18 months since the toolkit’s release, soft robotics is flying

10 Mar 2016

While robots often give off the aura of hard power, many are soft souls who just need some love

It’s been 18 months since engineers from Trinity and Harvard created the Soft Robotics Toolkit. Since then, it has all kicked off.

Pioneered in Ireland by the likes of Dr Dónal Holland, with a plethora of departments in Harvard University in the US involved, the Soft Robotics Toolkit has gone on to foster significant interest in an area exploding into the mainstream.

More than 76,000 people have engaged with the service since it was created, represented across 150 different countries, with the toolkit identified as having made one of the most significant contributions to the development of the nascent industry to date.

While robotics engineering used to focus much more attention on creating the rigid, hard-bodied prototypes like Bender from Futurama, for example, lately there has been a push towards soft, malleable structures that take their inspiration from nature.

10 such examples can be seen here.

According to Holland, the reason behind the surge in interest in the whole area is increasing democratisation of the hardware necessary to build soft robotics.


As a visiting lecturer in engineering sciences at Harvard University in the US, and a lecturer in biomechanics at the UCD School of Mechanical and Materials Engineering, Holland has devoted much of his work to the world of soft robotics, which, he says, is led by the maker revolution.

“This increase of interest in soft robotics has largely happened among research students and makers,” he told us recently. “I believe this is largely due to increasing levels of access to rapid prototyping equipment e.g. laser cutters, 3D printers and low-cost computer numerical control (CNC) mills.”

You can definitely add the toolkit to those industrial advantages, though, with the competitions it supports going some way to spreading the soft robotics word.

The ultimate goal of the latest student competition, for example, is to encourage others to find innovative applications for soft robotics technology and to continue expanding interest in this relatively new field.

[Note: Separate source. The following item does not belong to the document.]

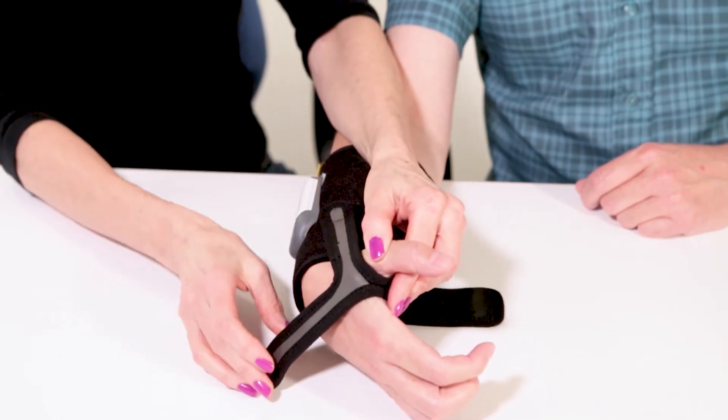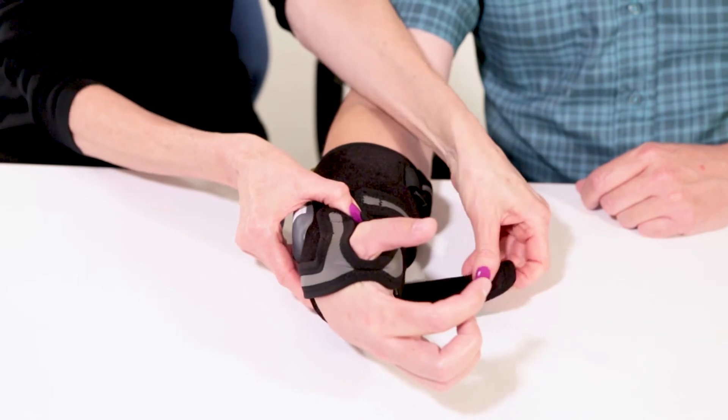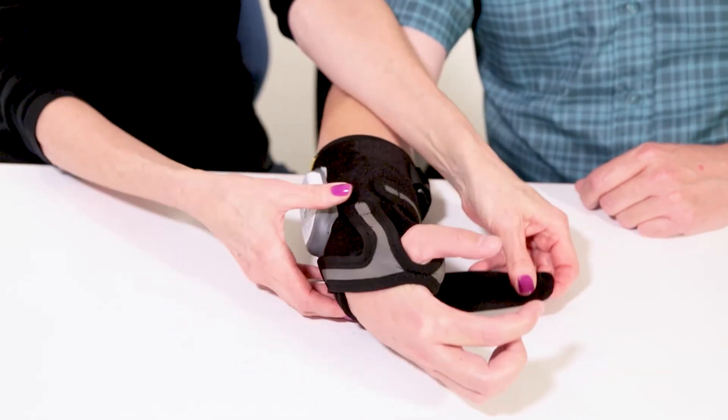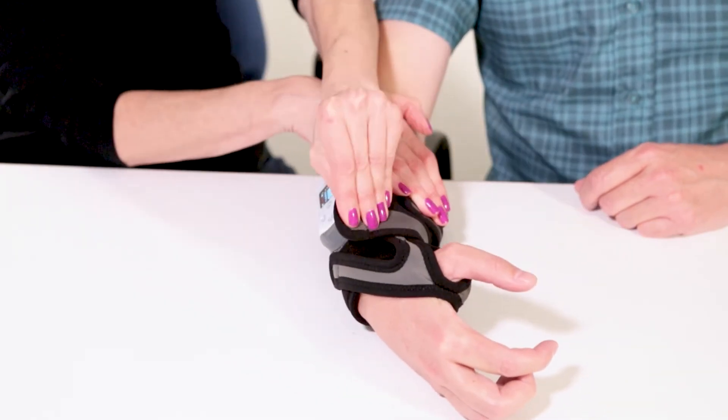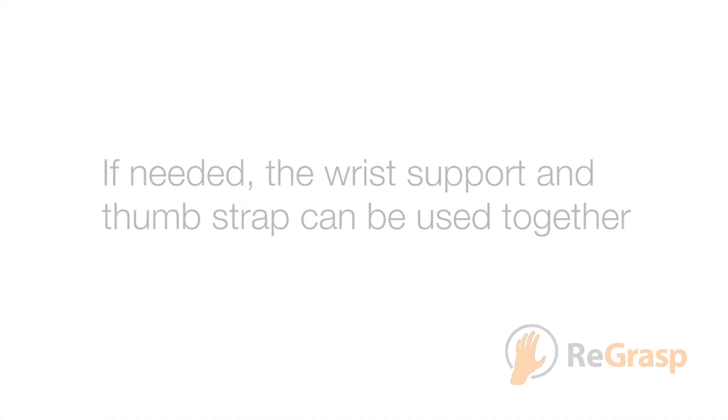Attach the thumb strap to the garment. The thumb strap should attach to the garment under the garment's wrist strap. It needs to be snug to ensure good contact between the electrode and the skin. If needed, the wrist support and thumb strap can be used together.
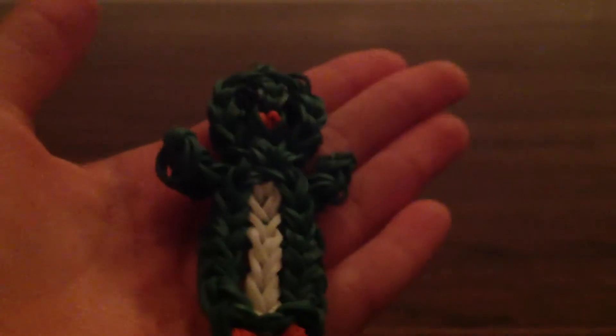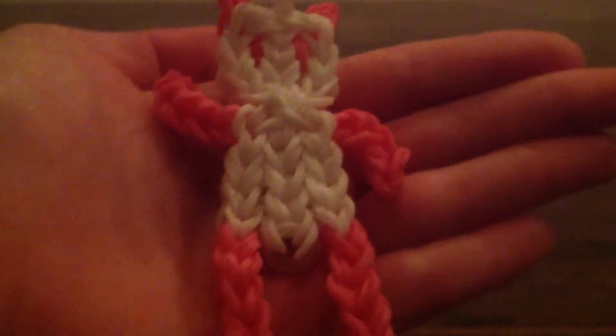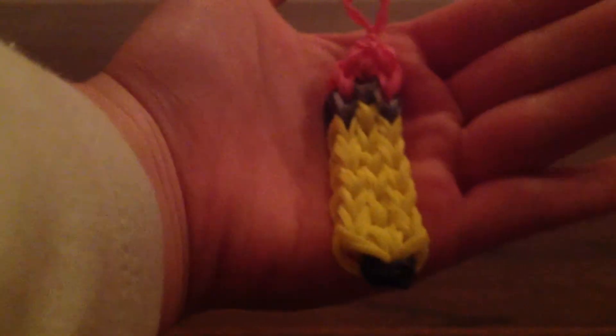First, I will be showing you the charms I created myself. The first one I have is my penguin charm — I have a tutorial for it on my channel. Then, I have my navy blue penguin. I have this minion that kind of failed, so I won't be doing a tutorial for it. Now, I have this bear I created myself — I will have a tutorial soon. And the last charm that I have created myself is this pencil charm. It's very simple.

Soft Wheel Robot, developed by a team at Cornell University, won the design category of the 2015 Soft Robotics Competition.

Growing by the year

“Last year, we were really impressed with the variety and quality of entries,” Holland said. “The participants came up with fantastic ideas that we never would have thought of, and we hope that this year we will receive even more submissions.”

The inaugural contest, which drew 87 initial entries from around the world, has been expanded to include separate categories for academic researchers, college students, and high school students. Winning projects will also be featured on the Soft Robotics Toolkit website.

“Before the spread of the low-cost prototyping equipment,” Holland said, “making custom moulds in a repeatable way – not by hand – was prohibitively expensive. Now it is much easier and cheaper.”